• _Data extracts_
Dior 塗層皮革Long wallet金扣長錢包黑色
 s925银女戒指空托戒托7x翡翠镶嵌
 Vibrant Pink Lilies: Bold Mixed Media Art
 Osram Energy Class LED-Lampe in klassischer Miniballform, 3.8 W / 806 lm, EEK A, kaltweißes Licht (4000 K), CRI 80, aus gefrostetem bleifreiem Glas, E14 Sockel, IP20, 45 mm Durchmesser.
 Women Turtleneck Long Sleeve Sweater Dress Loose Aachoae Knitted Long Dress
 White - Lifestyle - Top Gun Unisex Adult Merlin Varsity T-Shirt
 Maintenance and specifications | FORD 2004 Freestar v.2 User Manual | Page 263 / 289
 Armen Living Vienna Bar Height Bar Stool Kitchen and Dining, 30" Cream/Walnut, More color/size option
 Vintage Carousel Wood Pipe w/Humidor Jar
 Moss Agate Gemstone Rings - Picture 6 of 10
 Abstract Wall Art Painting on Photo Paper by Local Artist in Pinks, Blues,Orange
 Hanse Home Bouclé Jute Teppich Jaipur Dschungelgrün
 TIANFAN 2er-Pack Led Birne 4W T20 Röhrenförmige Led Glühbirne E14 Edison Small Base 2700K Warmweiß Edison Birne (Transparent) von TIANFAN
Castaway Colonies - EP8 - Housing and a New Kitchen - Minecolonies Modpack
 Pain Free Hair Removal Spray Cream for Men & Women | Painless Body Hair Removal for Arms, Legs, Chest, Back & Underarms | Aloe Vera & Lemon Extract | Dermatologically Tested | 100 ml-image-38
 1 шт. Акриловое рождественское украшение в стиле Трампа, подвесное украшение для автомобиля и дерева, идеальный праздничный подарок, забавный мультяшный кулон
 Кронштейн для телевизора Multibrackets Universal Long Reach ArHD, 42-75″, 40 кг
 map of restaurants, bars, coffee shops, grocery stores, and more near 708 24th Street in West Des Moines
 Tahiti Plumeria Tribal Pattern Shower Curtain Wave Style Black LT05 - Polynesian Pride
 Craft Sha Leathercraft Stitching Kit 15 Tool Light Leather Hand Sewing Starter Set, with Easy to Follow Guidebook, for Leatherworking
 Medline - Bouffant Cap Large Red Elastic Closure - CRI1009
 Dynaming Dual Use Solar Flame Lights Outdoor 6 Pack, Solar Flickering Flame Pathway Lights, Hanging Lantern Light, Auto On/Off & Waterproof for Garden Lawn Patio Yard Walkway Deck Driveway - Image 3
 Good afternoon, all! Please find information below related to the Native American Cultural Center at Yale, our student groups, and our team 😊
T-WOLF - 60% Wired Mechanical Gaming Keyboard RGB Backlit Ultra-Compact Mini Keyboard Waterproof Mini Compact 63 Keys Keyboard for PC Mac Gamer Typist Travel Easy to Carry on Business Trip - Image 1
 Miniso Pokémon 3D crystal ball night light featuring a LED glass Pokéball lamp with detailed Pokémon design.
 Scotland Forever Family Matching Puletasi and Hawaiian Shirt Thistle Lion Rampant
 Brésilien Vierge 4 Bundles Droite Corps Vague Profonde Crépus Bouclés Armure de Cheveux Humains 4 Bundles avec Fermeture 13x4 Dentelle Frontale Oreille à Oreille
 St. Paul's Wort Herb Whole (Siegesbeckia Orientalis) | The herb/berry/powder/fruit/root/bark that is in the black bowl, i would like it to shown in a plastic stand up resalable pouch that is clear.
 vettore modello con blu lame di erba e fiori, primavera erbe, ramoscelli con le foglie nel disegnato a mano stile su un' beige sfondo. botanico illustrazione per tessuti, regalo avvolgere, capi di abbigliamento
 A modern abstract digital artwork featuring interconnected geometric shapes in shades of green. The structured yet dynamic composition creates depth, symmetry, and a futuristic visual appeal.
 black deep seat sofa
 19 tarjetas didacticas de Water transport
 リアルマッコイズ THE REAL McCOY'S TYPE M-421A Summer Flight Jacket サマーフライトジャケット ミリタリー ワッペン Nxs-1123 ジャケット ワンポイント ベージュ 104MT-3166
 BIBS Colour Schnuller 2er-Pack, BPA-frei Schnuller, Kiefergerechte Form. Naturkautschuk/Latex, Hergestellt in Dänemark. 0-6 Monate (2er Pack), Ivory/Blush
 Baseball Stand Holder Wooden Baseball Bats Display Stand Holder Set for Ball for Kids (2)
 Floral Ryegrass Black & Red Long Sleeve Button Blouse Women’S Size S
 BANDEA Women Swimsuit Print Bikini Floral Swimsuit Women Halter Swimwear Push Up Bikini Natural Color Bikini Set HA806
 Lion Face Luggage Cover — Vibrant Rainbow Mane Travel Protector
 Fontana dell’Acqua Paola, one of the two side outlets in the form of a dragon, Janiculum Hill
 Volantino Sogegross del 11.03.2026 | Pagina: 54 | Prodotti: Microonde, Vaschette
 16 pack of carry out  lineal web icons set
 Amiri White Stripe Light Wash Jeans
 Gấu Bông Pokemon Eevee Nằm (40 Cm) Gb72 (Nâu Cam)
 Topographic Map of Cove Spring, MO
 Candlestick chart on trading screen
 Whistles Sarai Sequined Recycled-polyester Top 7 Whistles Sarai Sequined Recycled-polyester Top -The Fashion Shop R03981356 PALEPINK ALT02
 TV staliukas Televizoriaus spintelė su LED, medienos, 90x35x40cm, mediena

• _What is required_
Among the lines above, return those that hold the word "Cream".

• _Answer to the exercise_
 Armen Living Vienna Bar Height Bar Stool Kitchen and Dining, 30" Cream/Walnut, More color/size option
 Pain Free Hair Removal Spray Cream for Men & Women | Painless Body Hair Removal for Arms, Legs, Chest, Back & Underarms | Aloe Vera & Lemon Extract | Dermatologically Tested | 100 ml-image-38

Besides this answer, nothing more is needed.